--- Activity ---
Everything from the line containing "414M² OFFICE FOR SALE IN LA LUCIA" to the last line of the material below must be retyped exactly, both ends included; skip the pictures.

--- Exercise material ---
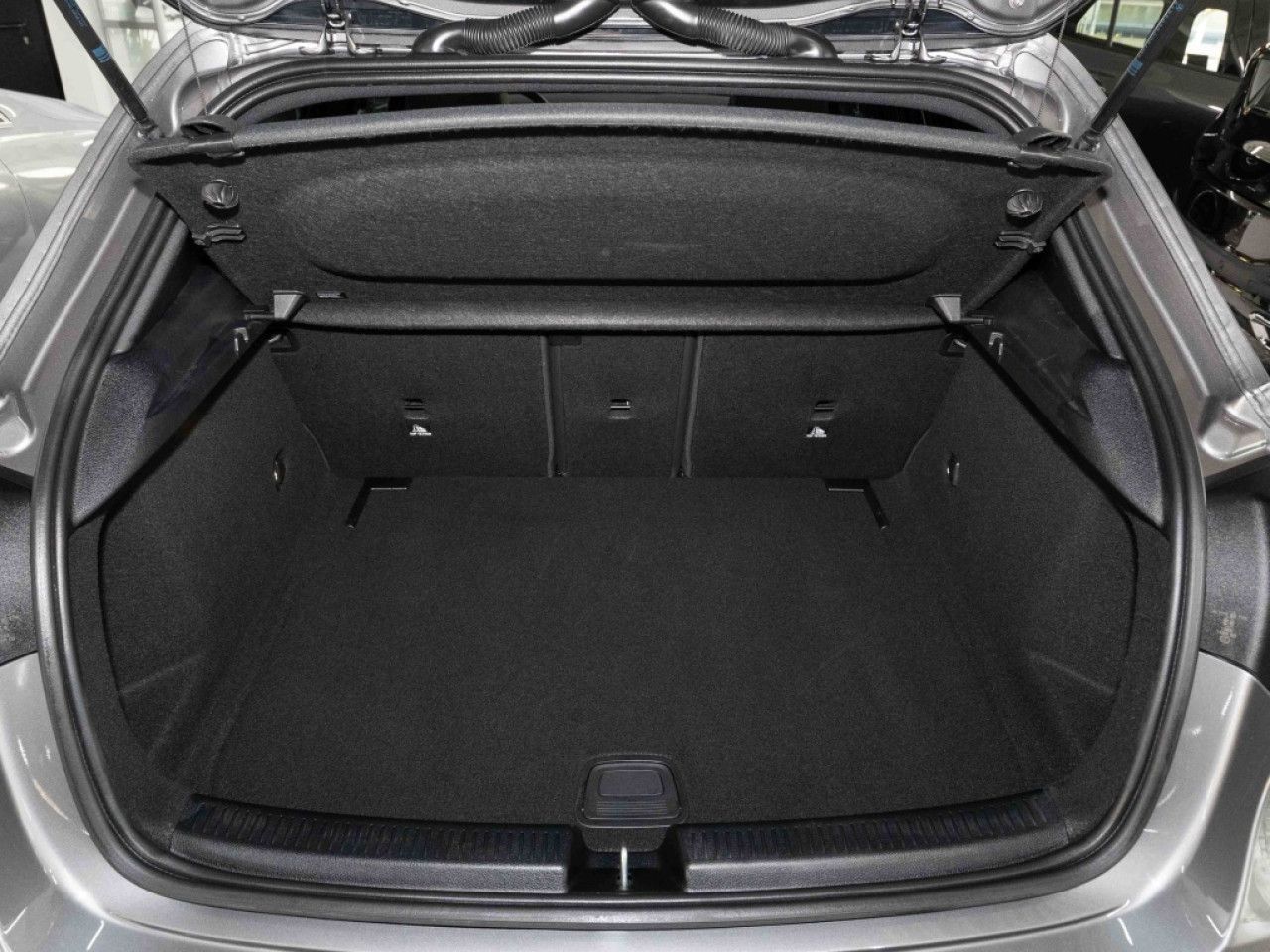 Fahrzeugbild 14 / 14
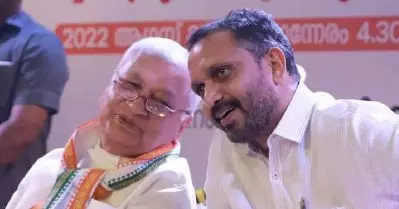 ചാന്‍സലറെ മാറ്റാനുള്ള ബില്ല്; ലീഗ് കണ്ണുരുട്ടിയതോടെ കോണ്‍ഗ്രസ് യു ടേണ്‍ അടിച്ചുവെന്ന് സുരേന്ദ്രന്‍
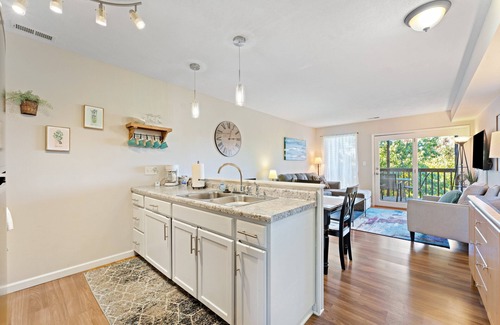 Notch Estates Condo | WALK-IN ~ WOODED 5-ACRE LAKE ~ HIKING TRAILS ~ Near SDC ~ 2 Pools (NCH14-6)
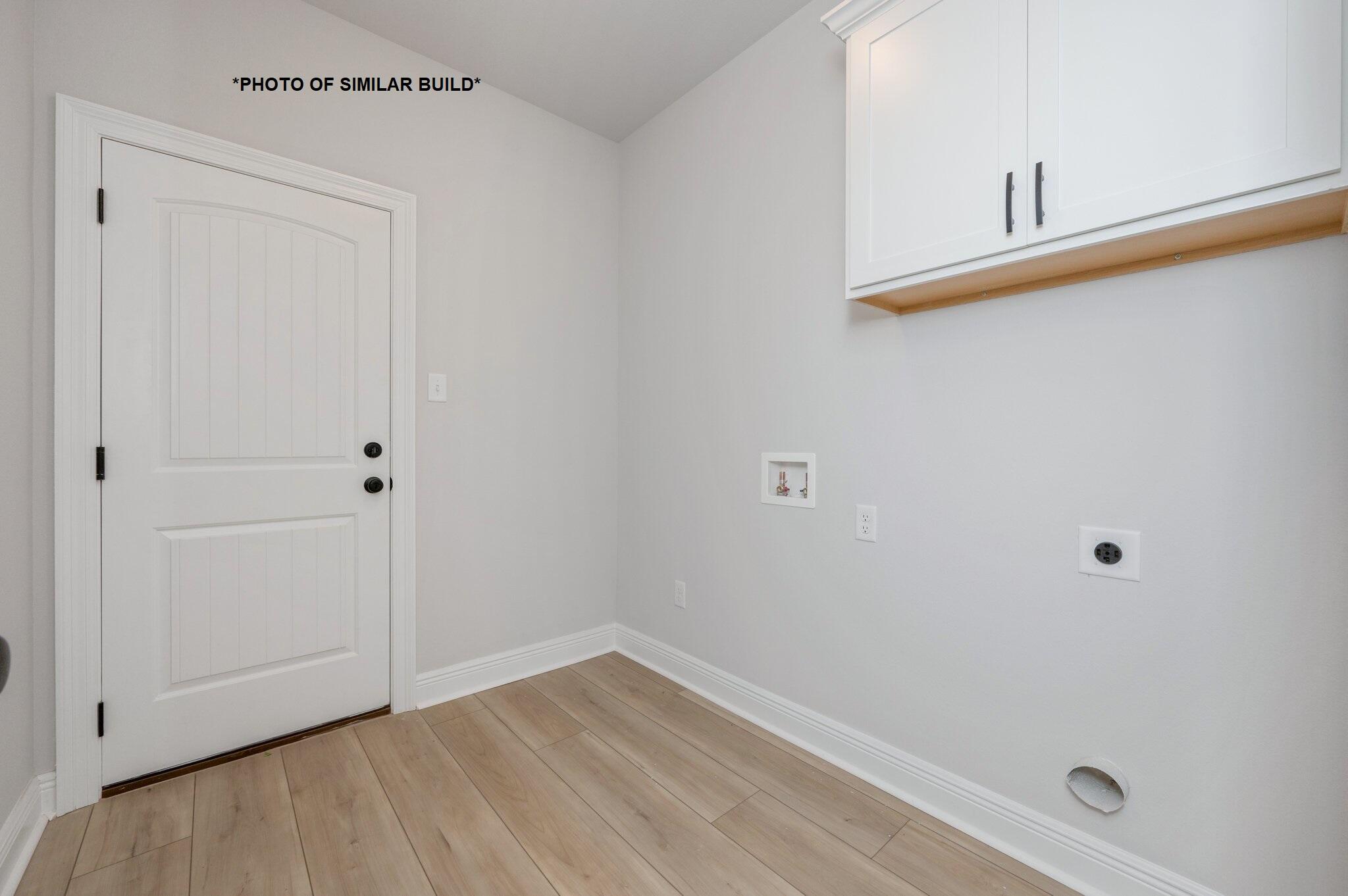 YOUNG OAKS - Residential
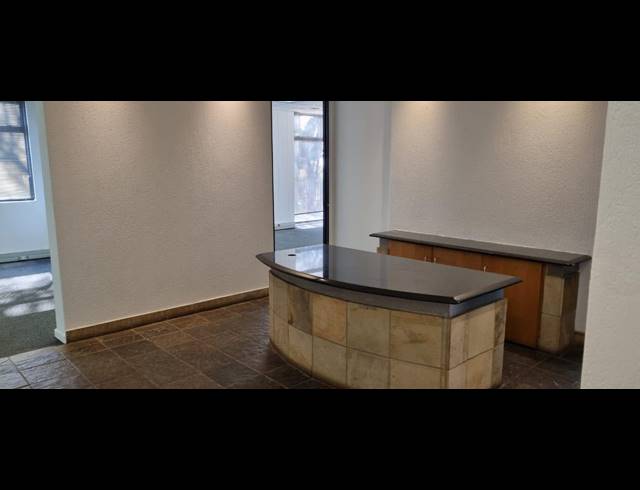 414M² OFFICE FOR SALE IN LA LUCIA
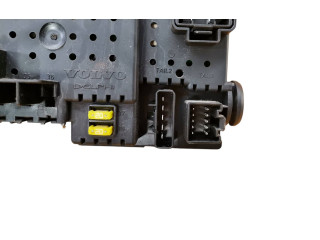 Блок предохранителей 30728512, 06W232   Volvo XC90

--- Response ---
 414M² OFFICE FOR SALE IN LA LUCIA
 Блок предохранителей 30728512, 06W232   Volvo XC90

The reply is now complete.